*** Begin section ***
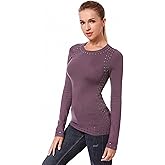 AmélieBoutik Women Crew Neck Studs Trim Embellished Long Sleeve Sweater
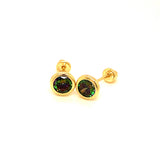 Aretes con circones en oro amarillo 14kt. (Junio)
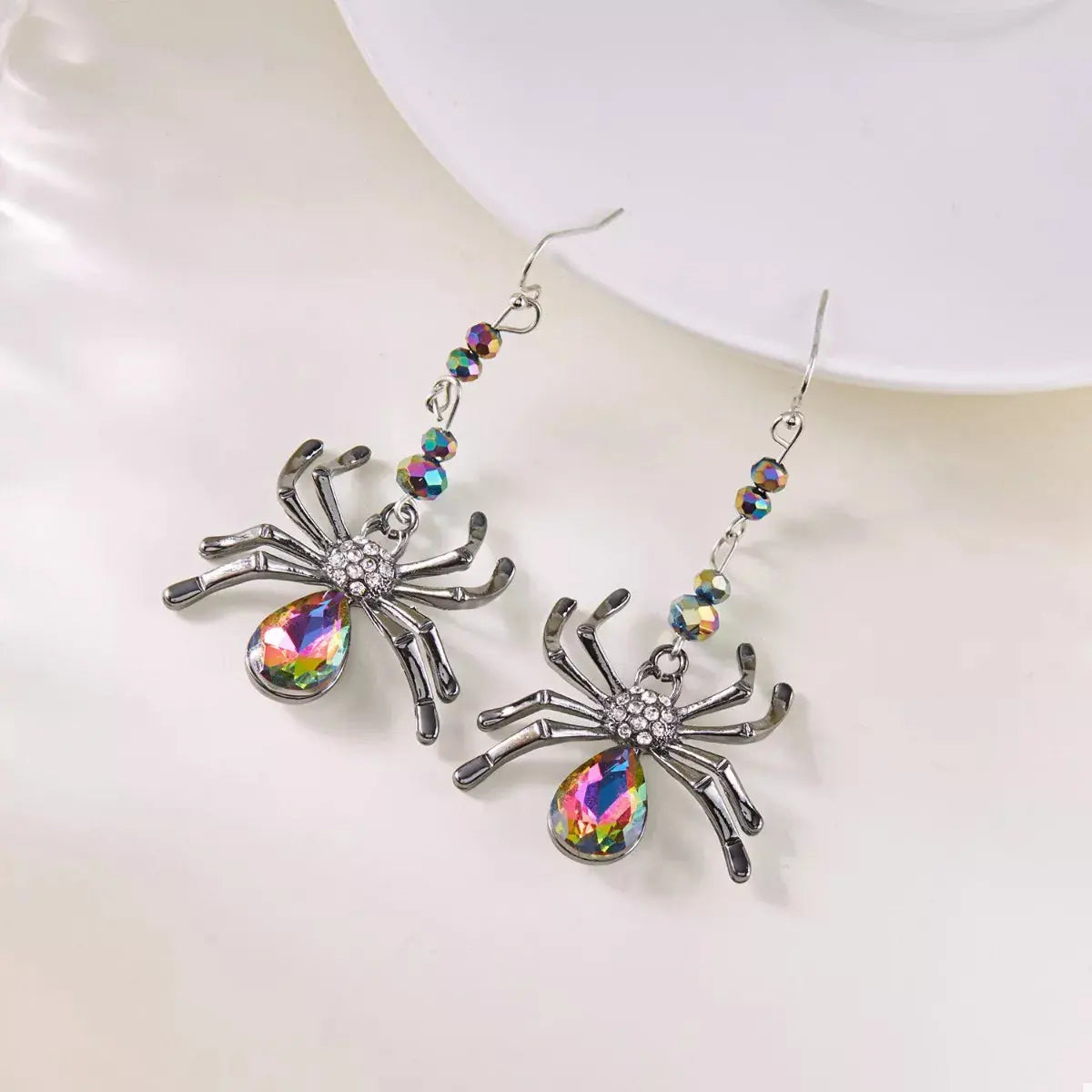 Crystal Spider Halloween Dangle Earrings - Be Bliss Boutique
*** End section ***
• **WHAT YOU SHOULD DO**: Pictures stay out; print everything else in the data exactly.

• **RESULT FOR THIS EXERCISE**:
 AmélieBoutik Women Crew Neck Studs Trim Embellished Long Sleeve Sweater
 Aretes con circones en oro amarillo 14kt. (Junio)
 Crystal Spider Halloween Dangle Earrings - Be Bliss Boutique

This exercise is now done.